I have been accused of operating outside the processes established by the committee. Committee members such as Shayne Neumann have publicly accused Freeman, Leeser and me of weighing into the debate too late. Listening to Neumann, you would think the conversation is already closed. Yet his committee is not due to report until June 30. They are still taking submissions.
It is becoming clearer that the committee wants only miserly remnants of recommendations of the Expert Panel on Constitutional Recognition of Indigenous Australians to be pursued. The matter is settled, and everyone else, including myself, needs to shut up.
This suggestion comes not only from committee members. Liberal Party pollster Mark Textor stated that Freeman, Leeser and I had failed to follow the processes deemed appropriate by the all-powerful committee.
But committee members have demonstrated that they may not even read the submissions we have formally given them. Ken Wyatt, the chairman, insists this proposal is not supported because indigenous people want substantive recognition, “not tokenistic” recog-nition. I agree.
Anyone who has read my submissions, essays or speeches would see that I advocate substantive recognition. The declaration is only one element of a package. I argue for an indigenous body in the Constitution, in a handsomely drafted new Chapter 1A. This would be practical, substantive recognition of indigenous peoples in the Constitution. It would include our people in the machinery that governs the nation.

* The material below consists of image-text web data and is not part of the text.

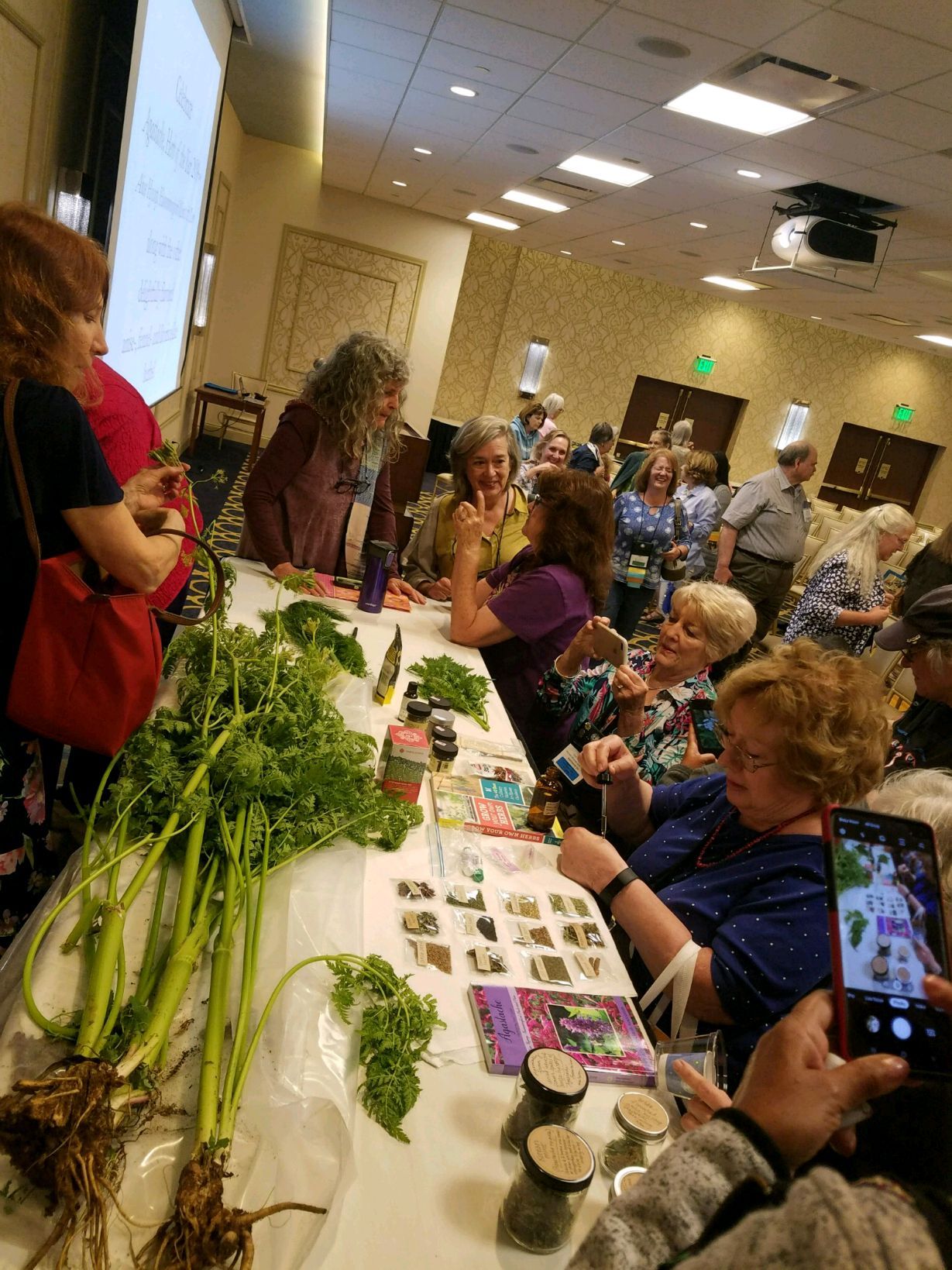 Display table, after author's presentation "Herbs with Anise-, Fennel- and Licorice-Like Flavors" at the HSA annual conference.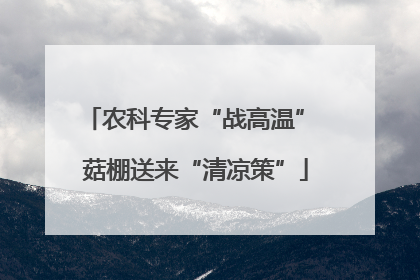 农科专家“战高温” 菇棚送来“清凉策”
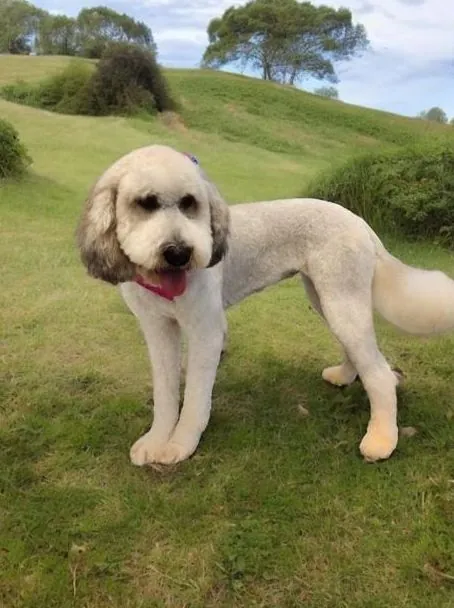 Freshly trimmed doodle on a grassy hill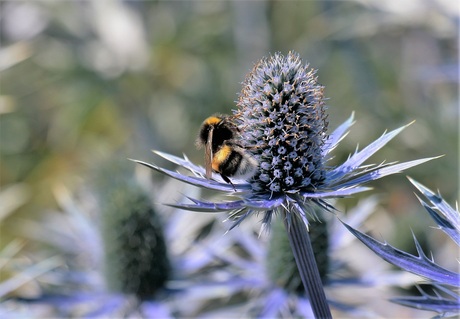 Aardhommel op Kruisdistel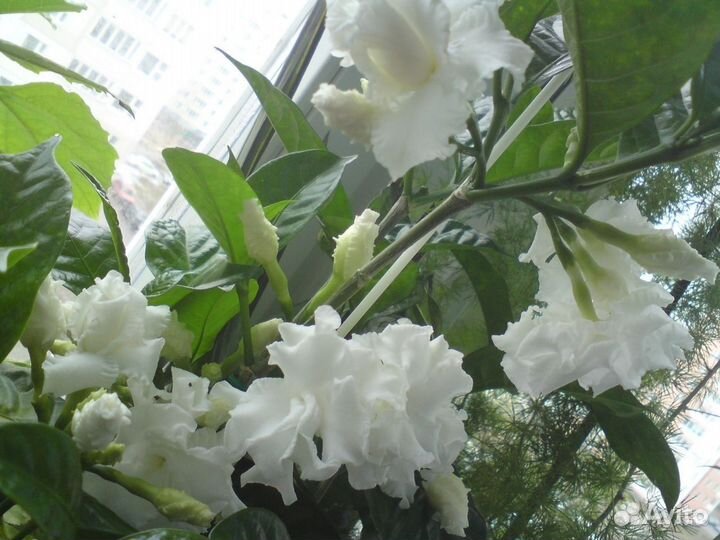 Комнатные растения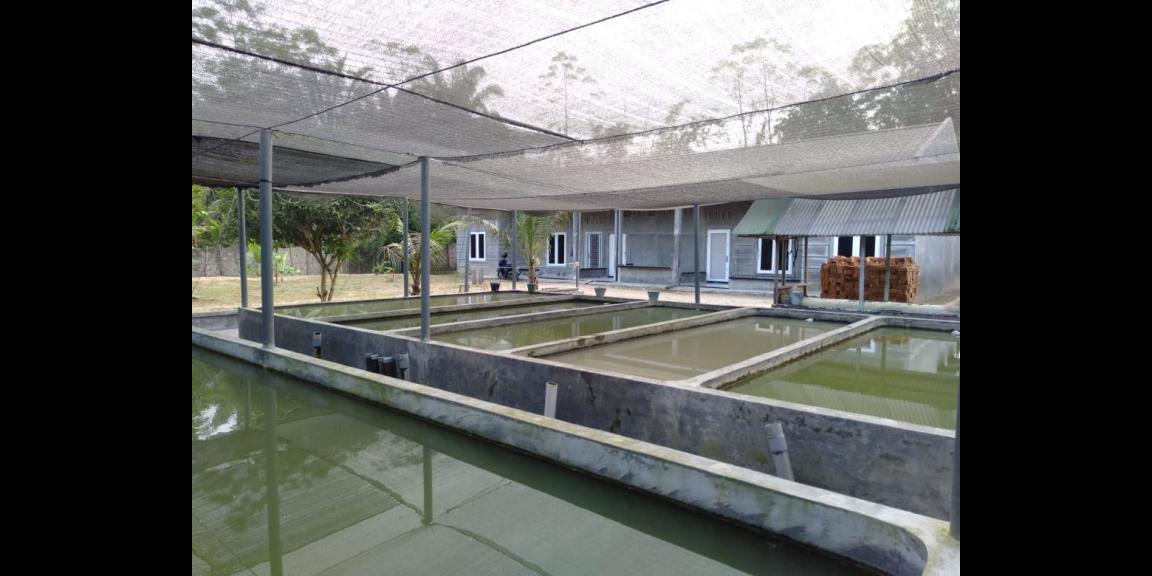 Beli Pasti Untung Beli Pasti Untung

That would be better than the constitutional tokenism the committee is advocating.
The complaints of Neumann and Textor about my proposals coming too late, and accusations that I have not followed proper processes, are equally incorrect. Again, it causes me to fear that our submissions have not even been read. Yet, considering more than 200 years of non-recognition, are they really serious?
I first publicly discussed an indigenous constitutional body and a non-constitutional declaration in my Quarterly Essay, A Rightful Place, published in September last year. I sent every committee member a copy. At that time, Wyatt criticised me for failing to make a submission like everybody else. As though blackfellas can’t write an essay without permission. Did Wyatt want to proofread my essay to ensure it was aligned with his Liberal Party line?
Despite the absurdity of such comments, I took Wyatt’s advice. In October 2014, Cape York Institute submitted a detailed submission setting out our proposed reform package. Then, in November, CYI attended a public committee hearing in Cairns. The reform package was discussed with the committee at length. The transcript is on the public record.
In December, fellow Expert Panel member Marcia Langton and I met with the committee. We argued for our model and it appeared the committee was divided. In my observation, Bridget Mackenzie was intrigued, Nova Peris showed interest, and Rachel Siewert appeared supportive. Oddly, the meeting transcript has not been made public, despite us giving permission for publication.
Responding to the committee’s request to provide more detailed “design principles”, CYI provided a supplementary submission explaining our design principles for the constitutional chapter establishing the indigenous body.
The churlish proposition that I am entering the debate too late is not supported by the facts. That Neumann and Textor are claiming as such should alarm anyone who seeks substantive recognition. We should be debating the substance of any argument, not the inconvenience caused to the appointed stewards of this debate.
Even Freeman and Leeser submitted their declaration proposal to the committee last year. Textor must not have bothered to check this before denigrating them for failing to follow “the process”.
Freeman and Leeser are convening meetings to generate conservative support through their new organisation, Uphold and Recognise. They receive no funding. They ask for donations. They recycle name badges to save funds. If this process is about grassroots and generating real public support, that is what Freeman and Leeser are trying to do.
It seems to me they are working harder than many well-funded organisations, and yet they are publicly chided by people such as Textor, who has clearly not read any of our submissions, just because they express a different view.
If Textor checked the Uphold and Recognise website, he would see Freeman and Leeser, like myself, support a package of reforms.
My concern is that people are trying to kill off a good idea. What about getting a good outcome for indigenous people? A timely bad outcome is still a bad outcome.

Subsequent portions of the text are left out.